The hope was slim, it is now almost nil. US authorities will end the search « actives » of survivors after the capsizing off Florida of a boat on board which were forty migrants, announced Thursday, January 27, the coast guard.
“If we do not receive additional information allowing us to refine our search or direct us to other survivors, we will suspend the active search at nightfall”, Miami Area Coast Guard Captain Jo-Ann Burdian said at a news conference.
The boat, which left the Bimini Islands in the Bahamas on Saturday evening, had capsized shortly after departure, and the alert had been given Tuesday morning by a commercial vessel which had picked up one of the passengers, the only known survivor to date, who had managed to cling to the hull of the overturned boat.
So far, five bodies have been found. “Unfortunately, we have come to the most difficult moment of this kind of operation, where we have to decide whether to stop active searches,” added the captain of the coast guard, who found four bodies in the last twenty-four hours, after a first body found earlier.
Open investigation
According to the survivor, the boat was carrying 39 other people and none of the passengers were wearing life jackets. The boat had capsized about 70 km east of the park in Fort Pierce Inlet, located north of Miami. It was about 200 km north of the Bimini Islands.
“Every passing moment”, He becomes “more unlikely that anyone could have survived”, had explained, on Wednesday, with seriousness Mme Burdian.
The American authorities, who opened an investigation, suspect a “human smuggling operation”, describing a “usual route” for such traffic “between the Bahamas and the southeastern United States”.
“The purpose of this investigation is to identify, arrest, and prosecute any perpetrator or criminal group that organized, facilitated, or profited from this doomed enterprise,” said Anthony Salisbury, an investigator, on Thursday.
The Bahamas, an archipelago of 700 islets (including 39 inhabited) located 80 km southeast of the coast of Florida, close to Jamaica, Cuba and Haiti, are regularly used as a land of transit by migrants who seek to reach the United States, and as a starting point for a dangerous crossing by Haitians living in the archipelago.
About 5,000 Haitian migrants work legally in the Bahamas, according to the World Organization for Migration, but between 20,000 and 50,000 reside there illegally.
The hope was slim, it is now almost nil. US authorities will end the search « actives » of survivors after the capsizing off Florida of a boat on board which were forty migrants, announced Thursday, January 27, the coast guard.
“If we do not receive additional information allowing us to refine our search or direct us to other survivors, we will suspend the active search at nightfall”, Miami Area Coast Guard Captain Jo-Ann Burdian said at a news conference.

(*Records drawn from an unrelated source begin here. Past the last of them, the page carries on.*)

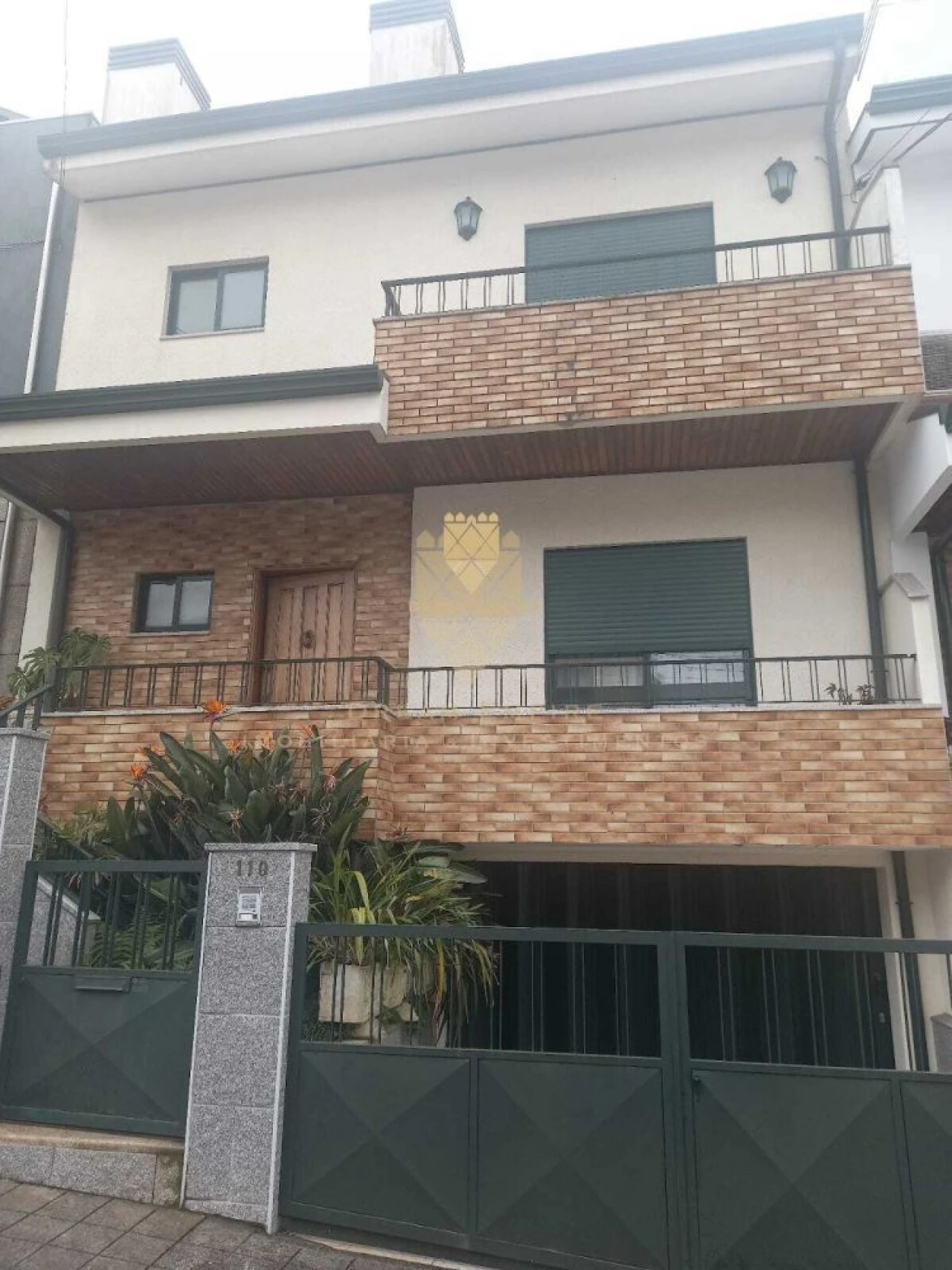 Moradia T3 para Venda em Ermesinde Foto 1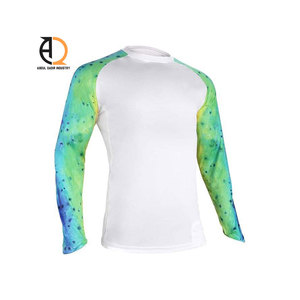 Camisa de Pesca para Hombre con Protección UV de Secado Rápido - Product Image 6
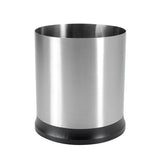 Stainless Steel Rotating Utensil Holder E7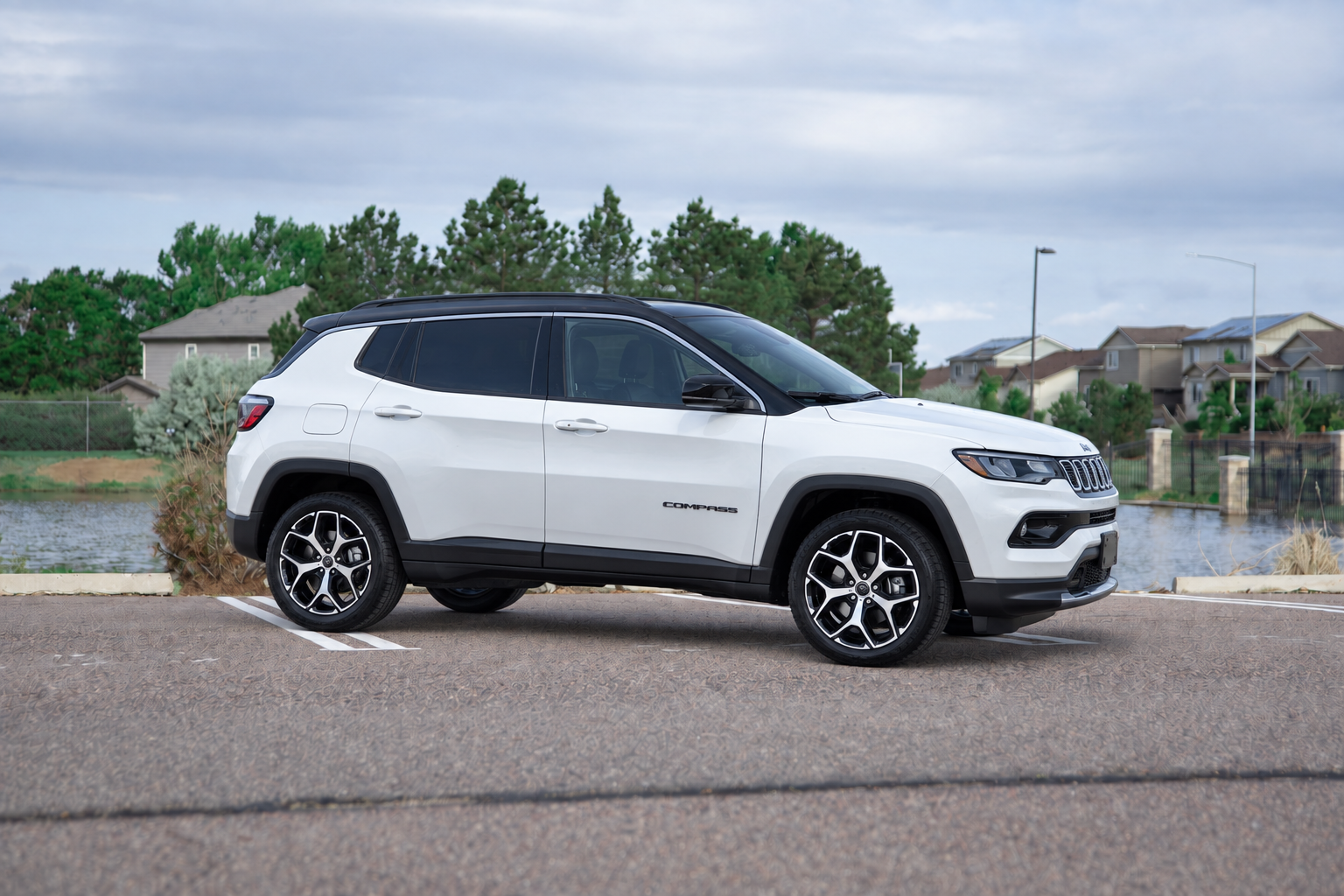 Jeep Compass 2025 in Kailua-Kona, HI
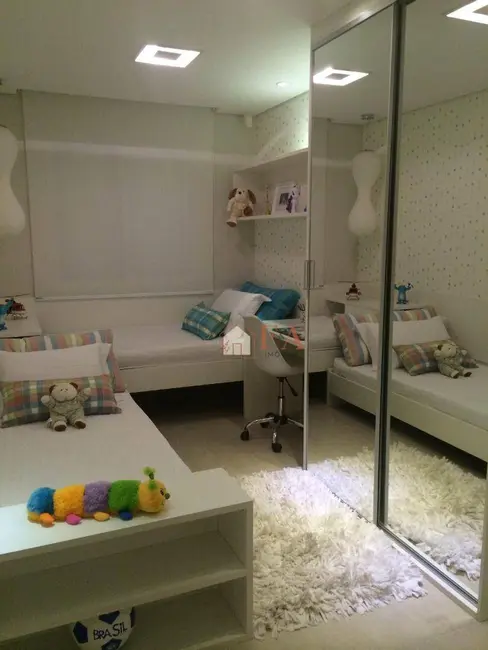 Foto 7 de Apartamento com 2 quartos à venda, 66m2 em Paulicéia, Piracicaba - SP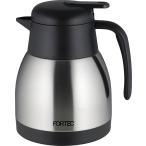  мир flat f Rays настольный pot Forte k* house 1L вакуум изоляция структура теплоизоляция термос FHR-7393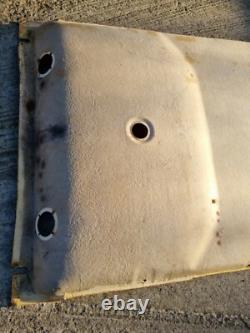 Range Rover Classic 1994 Roof Lining Backing No Cloth Cover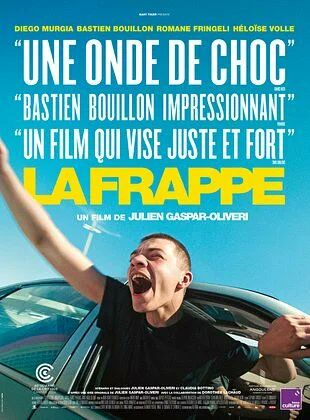 Image for the Tweet beginning: Voici notre Sélection #Cinéma 🎞️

The boat, which left the Bimini Islands in the Bahamas on Saturday evening, had capsized shortly after departure, and the alert had been given Tuesday morning by a commercial vessel which had picked up one of the passengers, the only known survivor to date, who had managed to cling to the hull of the overturned boat.
So far, five bodies have been found. “Unfortunately, we have come to the most difficult moment of this kind of operation, where we have to decide whether to stop active searches,” added the captain of the coast guard, who found four bodies in the last twenty-four hours, after a first body found earlier.
Open investigation
According to the survivor, the boat was carrying 39 other people and none of the passengers were wearing life jackets. The boat had capsized about 70 km east of the park in Fort Pierce Inlet, located north of Miami. It was about 200 km north of the Bimini Islands.

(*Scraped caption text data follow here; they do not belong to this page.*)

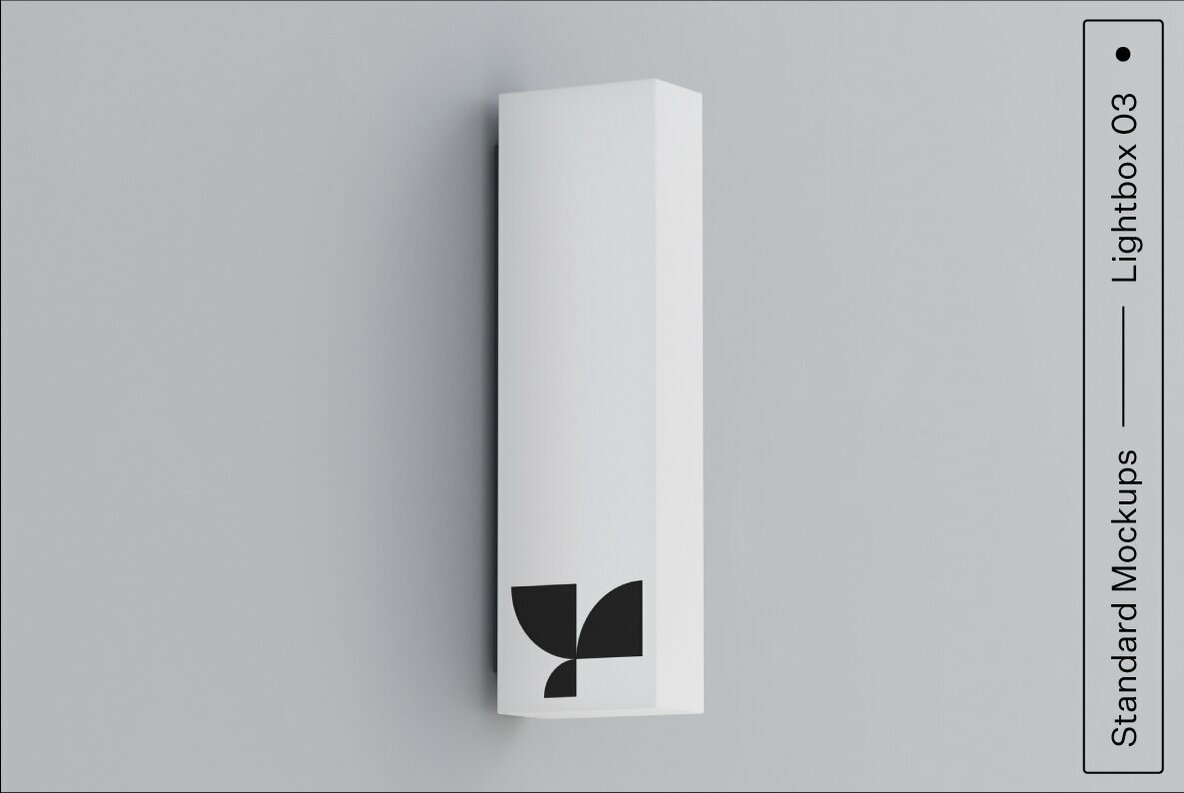 Lightbox Standard Mockup Bundle 02 7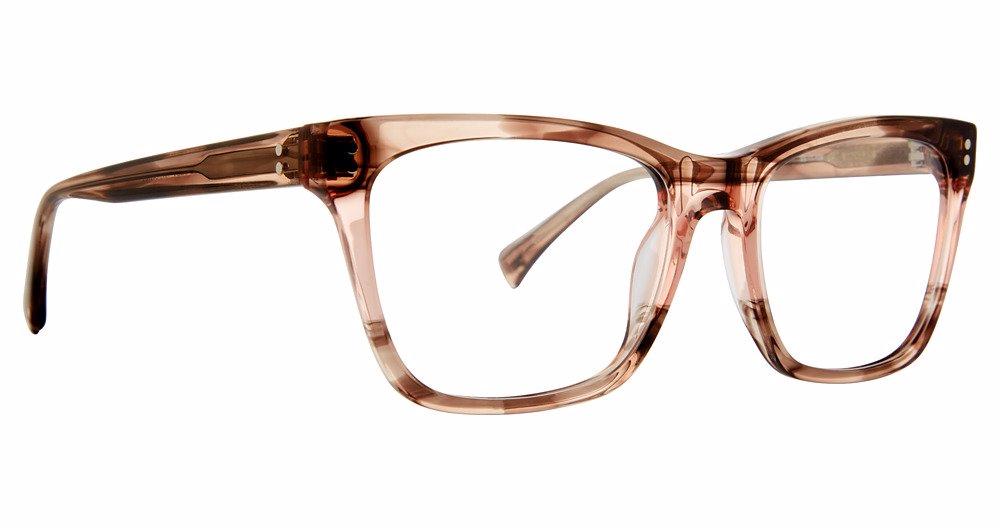 BHB - Blush/Brown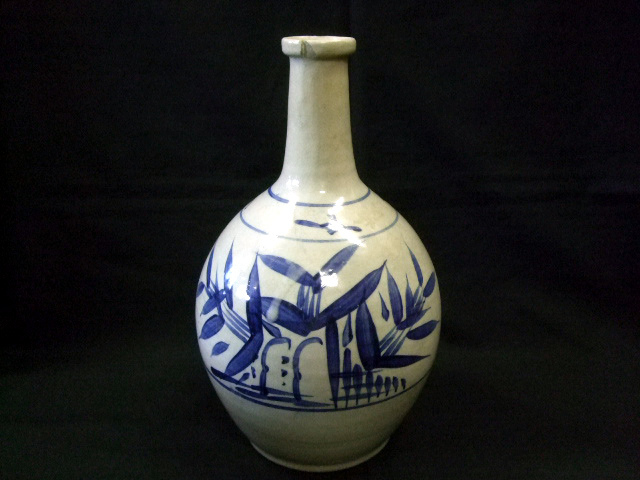 2025年最新】Yahoo!オークション -壺 大型(染付)の中古品・新品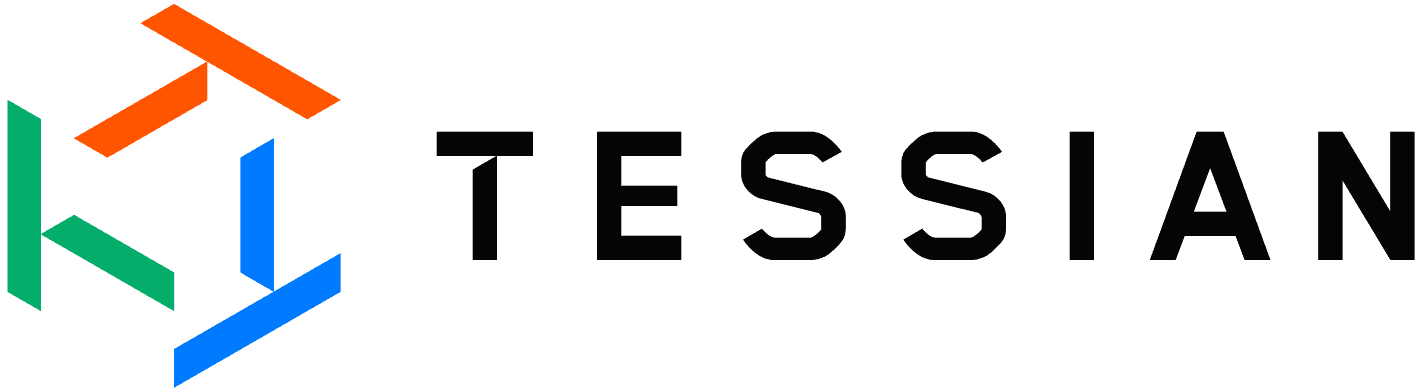 Tessian Logo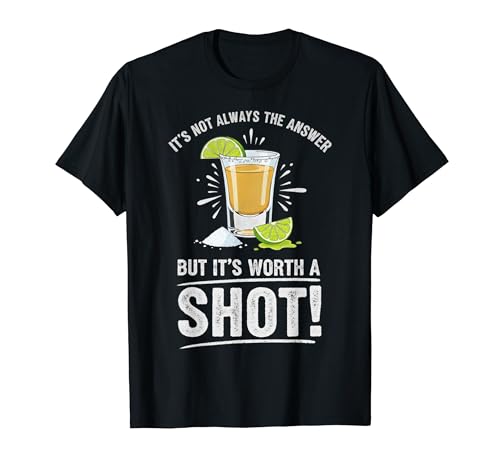 Tequila Shot Lover Party �O���t�B�b�N ����������� ���p��&���C�� T�V���c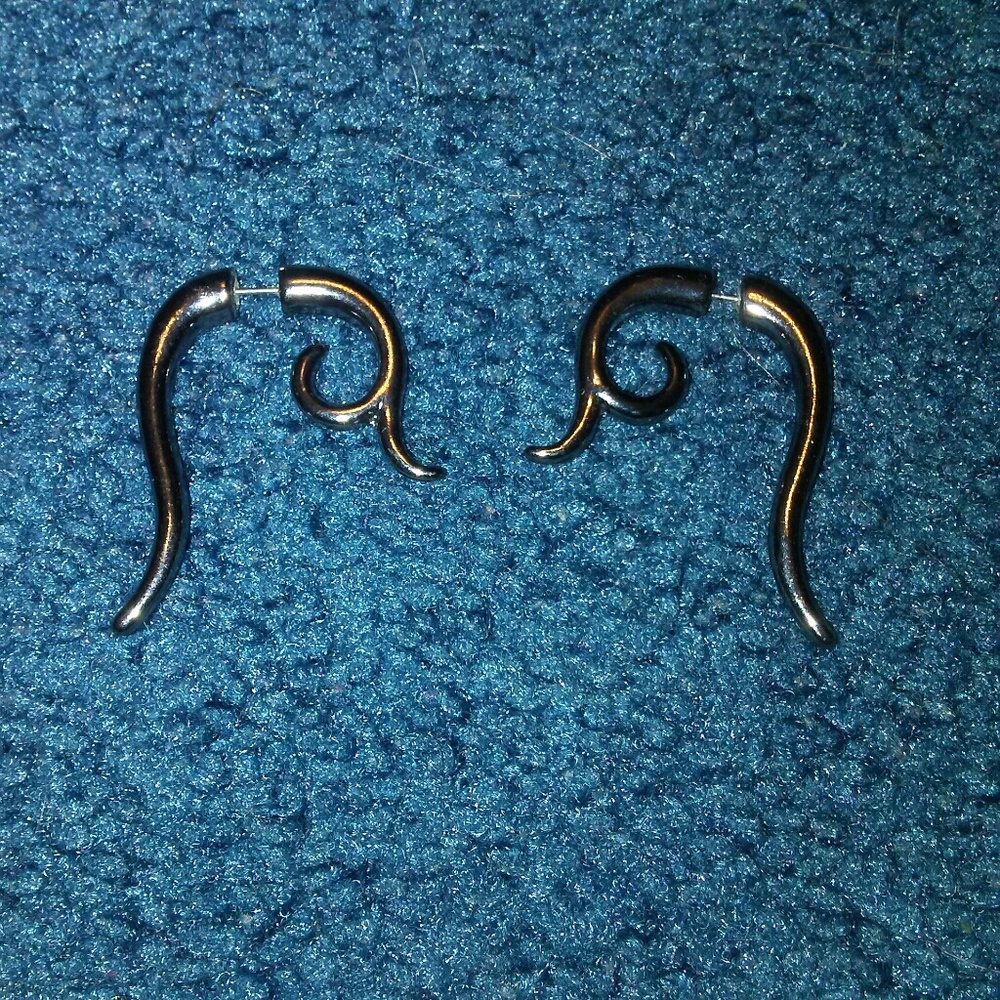 Faux Gauges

“Every passing moment”, He becomes “more unlikely that anyone could have survived”, had explained, on Wednesday, with seriousness Mme Burdian.

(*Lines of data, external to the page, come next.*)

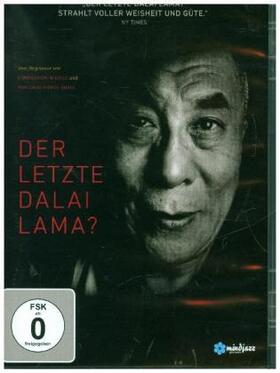Lemle |  Der letzte Dalai Lama? | Sonstiges |  Sack Fachmedien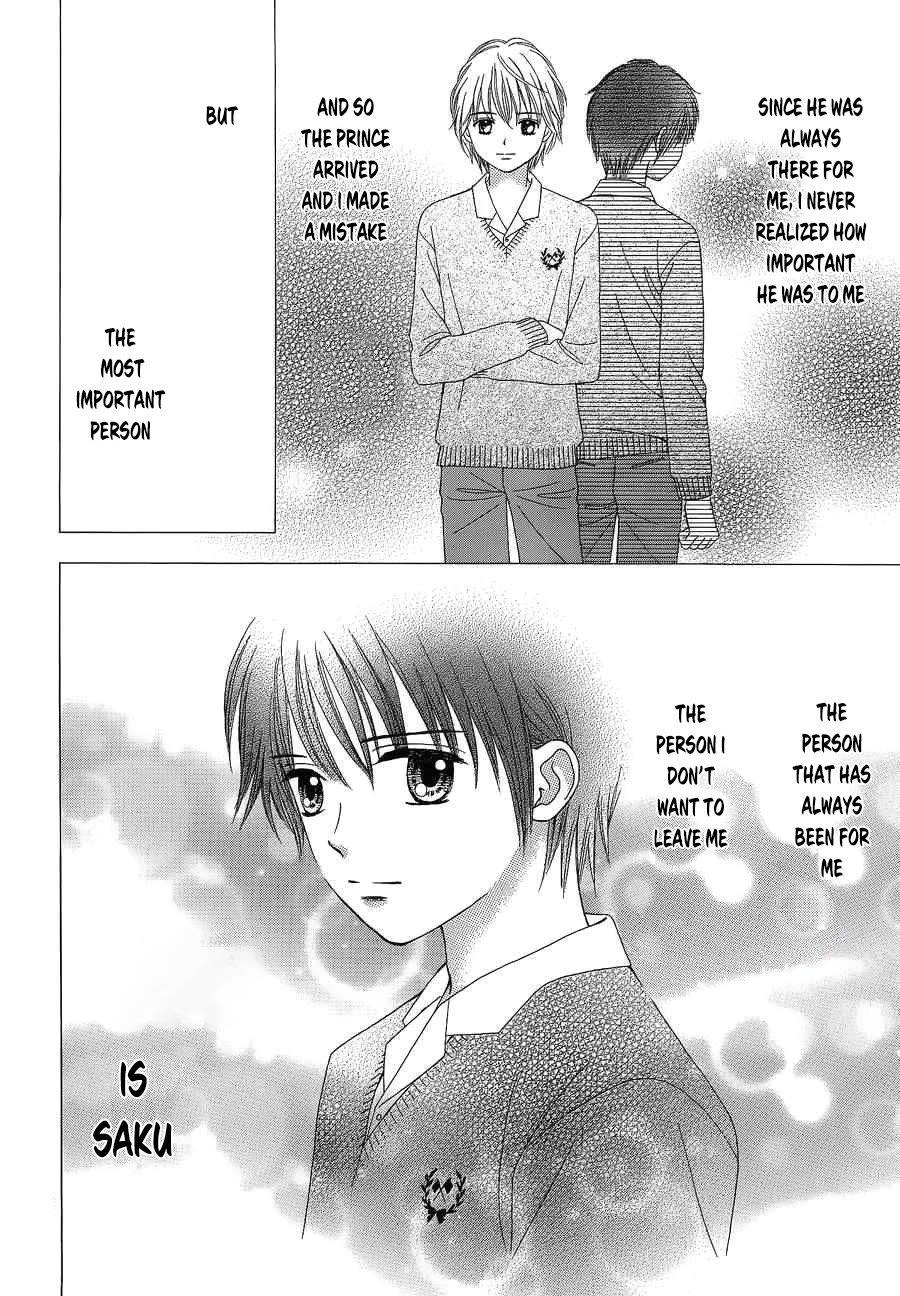 Marmalade Boy Little Chapter 26 page 19 - Chapter 26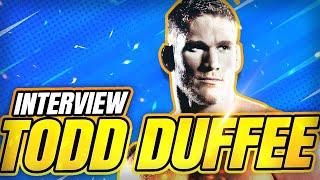 Todd Duffee talks KSW, rematch with Phil De Fries, Fedor, Jon Jones, UFC exit + more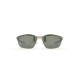 OAKLEY Men UV Protected Grey Lens Rectangle Sunglasses - 0OO414541450260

The American authorities, who opened an investigation, suspect a “human smuggling operation”, describing a “usual route” for such traffic “between the Bahamas and the southeastern United States”.
“The purpose of this investigation is to identify, arrest, and prosecute any perpetrator or criminal group that organized, facilitated, or profited from this doomed enterprise,” said Anthony Salisbury, an investigator, on Thursday.
The Bahamas, an archipelago of 700 islets (including 39 inhabited) located 80 km southeast of the coast of Florida, close to Jamaica, Cuba and Haiti, are regularly used as a land of transit by migrants who seek to reach the United States, and as a starting point for a dangerous crossing by Haitians living in the archipelago.
About 5,000 Haitian migrants work legally in the Bahamas, according to the World Organization for Migration, but between 20,000 and 50,000 reside there illegally.